Author: Soramimi Hanarejima

When the Bureau of Introspection discovered how to photograph the landscapes within us, we were all impressed that this terrain, which had only been visible in dreams, could be captured and viewed by anyone. This struck us as a huge leap, but toward what, we couldn’t say. We thought seeing our own landscapes would tell us.

So as soon as the technology was commercially available for a reasonable price, we all bought the special cameras and took as many pictures as we could afford given the cost of film and developing. We were eager to see as much as possible of the worlds within ourselves. Some of us, we learned, had a single landscape that stretched on and on. Others had as many as 7 landscapes, with little ones tucked within large ones.

But even with the countless photos that have now been taken and studied, we still don’t know where this technology is taking us, and the Bureau of Introspection still hasn’t figured out what the landscapes mean. One possibility, they say, is that the terrain within us doesn’t have any special significance and is simply there.

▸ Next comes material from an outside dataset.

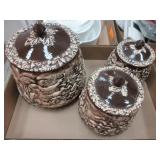3) Brown Ceramic Pots,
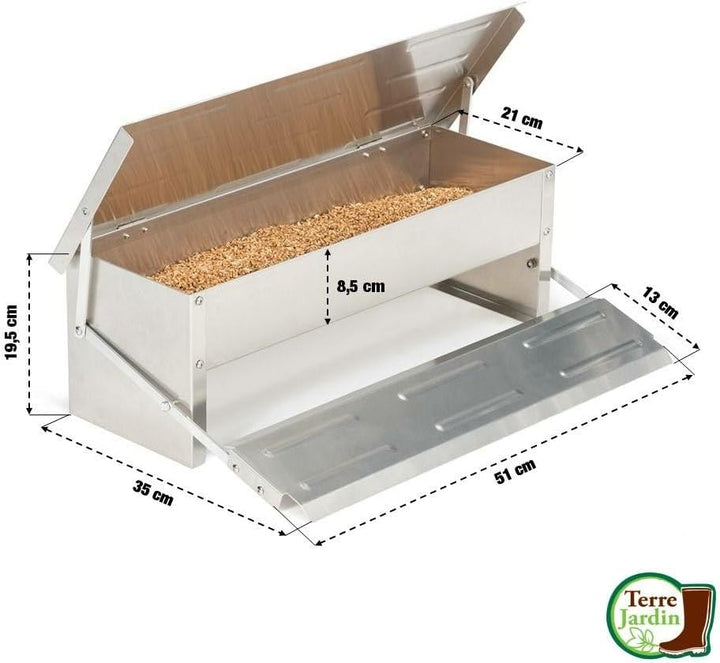 TERRE JARDIN - Futterstation für Hühner mit Pedal, 5 kg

None of that matters to you. You’ve never been interested in whether your inner landscapes hold any meaning, but you’re still very interested in finding out what animals live there. You’re convinced that our landscapes have to be ecosystems, and you continue to stand in front of your tripod-mounted camera at least three times a day, trying—hoping to catch animals drinking at the lakeshore or crossing the meadow or otherwise making themselves visible.

But you never do, despite having taken hundreds of pictures. Either you’re unlucky with your timing or there are no animals. To know one way or the other, you’ll have to wait for technology that can record video of our inner landscapes.

Though they’re devoid of animals, all the pictures you’ve amassed do show you something that interests you: your landscapes changing over swaths of days. We know that our landscapes have day-night cycles and seasons—can feel them turning from dark to bright, going from chilly to warm—but rarely does anyone get to know those rhythms to the degree you’re able to. With all the images you’ve collected, you determine that the lake has a roughly 46-hour day, the coast a 1.5-week day, the forest and its meadow a 10-hour day; the grassland is always a season ahead of the lake, speckled with wildflowers while the frozen water is blanketed by snow; at the coast, it’s always summer—or summer there is very long.

On a whim, you begin arranging your schedule according to the times of day and year in your landscapes. You sit quietly during lake-time sunrises; only go out with friends when the ocean of your coastline is sparkling with daylight; make it a point to work on creative projects during the meadow’s rainy season. Soon, conducting your life this way becomes a habit, one that you refine until the alignment of your activities with your landscapes’ cycles feels right.

“Maybe that’s what they’re for,” you say. “Or that’s one of the things they offer us. A way to create some structure in our lives.”

The sandstone canyon around us recedes to the background of my thoughts, yielding to the image conjured by your words: the sky just above your ocean a ribbon of deep red that’s slowly, imperceptibly fading. We always go on hikes like this when the sun is setting over your coast. Each one has been a refreshing trek down a new trail that’s brought us unexpected delights. Elk grazing under a double rainbow. Snow geese wading in a flooded field. Hillside shrubs covered with frost sparkling in the late afternoon sunlight as though the bare twigs were coated in diamond dust. Sights I want to remember seeing with you.

So, taking a cue from you, I decide that tonight I’ll try linking these memories to places in my woods—that time we stared at the pygmy owl with, say, the fallen tree that lies across the rocky stream bed. This will turn the pictures I’ve taken into reminders of hikes with you. Then, with ease, my attention returns to the canyon’s steep sunlit walls, alert to anything in this landscape that I might later connect to one within me.